Взятие русскими дружинами четырнадцати крупнейших городов Булгарии, среди которых были столица — Великий Булгар, крепости Кременчуг, Джуке-Тау и Казань, показало военную мощь и открыло полководческий талант князя. Оказалось также, что эти события были описаны как бы с «обеих сторон», известие о них есть и в русских летописях, и в известном татарском эпосе XV века «Идиге».

В результате похода у князя Юрия появилась возможность осуществить свой план, «вдохновлённый» его духовным наставником — преподобным Саввой Сторожевским, когда были построены дошедшие до нас первые и неповторимые образцы раннемосковской архитектуры — новые белокаменные соборы Звенигорода и Сторожевского монастыря, а также созданы для них преподобным Андреем Рублёвым иконы и фрески.

Но и к возможному нашествию Тамерлана поход имел некоторое отношение.

В конце XIV столетия, во времена Дмитрия Донского, отношения Московской Руси с волжским соседом становились в достаточной степени напряжёнными. Волжская Булгария ещё была большим и крепким государством. И ко времени появления там князя Юрия представляла немалую силу.

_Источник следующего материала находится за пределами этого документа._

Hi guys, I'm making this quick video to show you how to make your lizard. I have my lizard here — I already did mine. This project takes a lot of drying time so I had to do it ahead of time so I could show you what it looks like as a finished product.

Одним из доказательств наличия у преподобного Саввы Сторожевского дара предвидения считается благословение, данное им князю перед его военным походом на восток, в государство волжских булгар.

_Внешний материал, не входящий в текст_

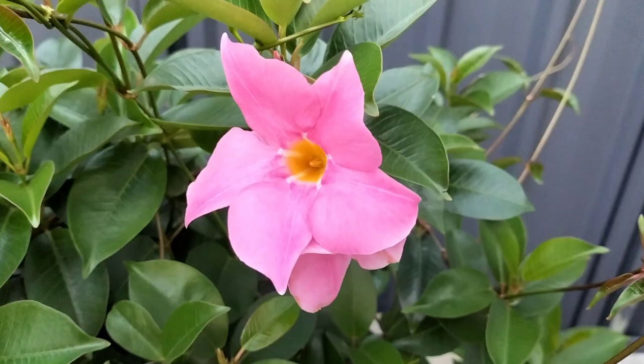Hello, Trish the Gone Gardener here. So why do leaves on Diplodinas turn yellow?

В Житии старца, написанном Маркеллом Хутынским, отмечены слова самого Саввы, которые князь от него услышал: «Врагов своих одолеешь и… здрав возвратишься в своё отечество». Похожим образом преподобный Сергий, как считается, благословлял Дмитрия Донского на Куликовскую битву (или, по мнению некоторых исследователей, — благословил на битву на реке Воже за два года до этого). Похожим. Но не совсем.

Предсказание Саввы Сторожевского, в особенности связанное со «здравым» возвращением князя «в своё отечество», также сбылось. И речь в нём шла не просто о битве, а о дальнем походе за пределы отечества, откуда надо было «возвращаться», — а этого мы никак не можем найти в словах Сергия Радонежского, адресованных великому князю Московскому.

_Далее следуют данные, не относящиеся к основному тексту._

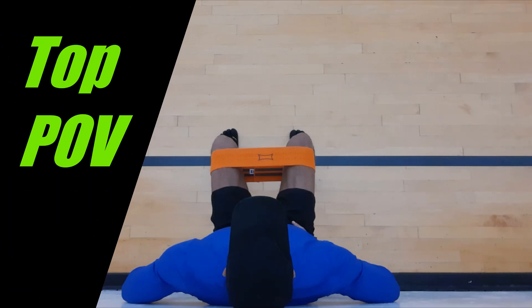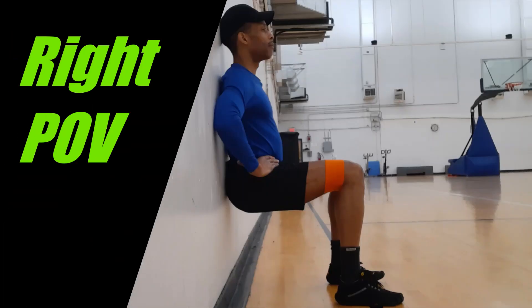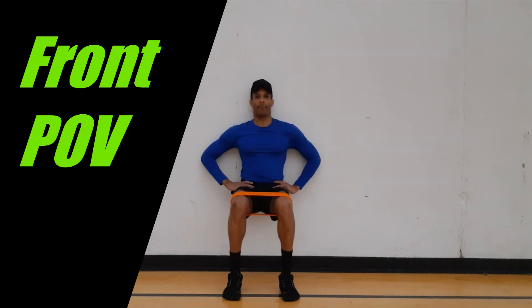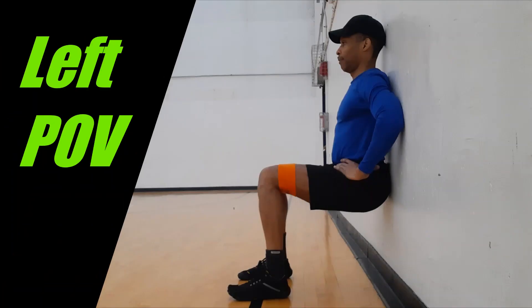If the outer hips fatigue with a band that's thin and elastic, or the band you have is thick and stiff like plastic, then perform an isometric or static contraction. Keep moderate tension on the band, the torso upright and engaged, and the head and shoulders against the wall.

Старец Савва благословлял не саму битву, не захватнический поход и не дружину сына Евдокии — князя Юрия Дмитриевича, а только лишь его самого, предохраняя его лично от возможных напастей. В Библии сказано так: «…Будут ратовать против тебя, но не превозмогут тебя, ибо Я с тобою… чтобы избавлять тебя» (Иер. 1, 19). И нет ничего более важного для христианина, как «душу положить за други своя». Не было, вернее, не готовилось никакого «завоевательного похода» в Булгарию, его никто тогда даже не планировал.

В тексте благословения старца Саввы, записанном Маркеллом Безбородым (а это главный и единственный письменный источник данного благословения), читаем: «Иди, благоверный князь, Господь да будет с тобою, помогая тебе, и врагов своих одолеешь, и благодатью Христовой здрав возвратишься в своё отечество». А теперь сопоставим эти слова с благословением Сергия Радонежского, данным им великому князю Дмитрию Ивановичу (будущему Донскому) перед Куликовской битвой (как это указано в Житии, написанном Епифанием Премудрым): «Господин мой, тебе следует заботиться о вручённом тебе Богом христоименитом народе. Иди против безбожных, и с Божией помощью ты победишь и вернёшься в своё отечество невредимым с великими почестями». А также подключим к этому послание от Сергия, которое передал Дмитрию скороход непосредственно перед сражением: «Господин мой, смело вступай в бой со свирепым врагом, не сомневаясь и не страшась его, помощь Божия будет во всём с тобою».

Для духовного наставника важна была личная безопасность князя Юрия. Он ценит его «благоверие», он говорит о княжеских «врагах», не уточняя — кто они, и даже не упоминая булгар! Но старец печётся о «здравии» князя, а главное — о его возвращении «в своё отечество». Преподобный Савва предохраняет Юрия, но не восхищается походом. Ни слова не произносит он о «великих почестях» от победы! То есть, по сути, — игумен не давал никакого специального благословения на большую войну или на смертоубийство. И нет в его словах никакого намёка на возможную добычу или богатство. А может быть, тогда никто вовсе и не помышлял ни о каком получении или захвате богатства? И вообще, не было ли на самом деле так — планировалось и предполагалось одно, а вышло — совсем другое?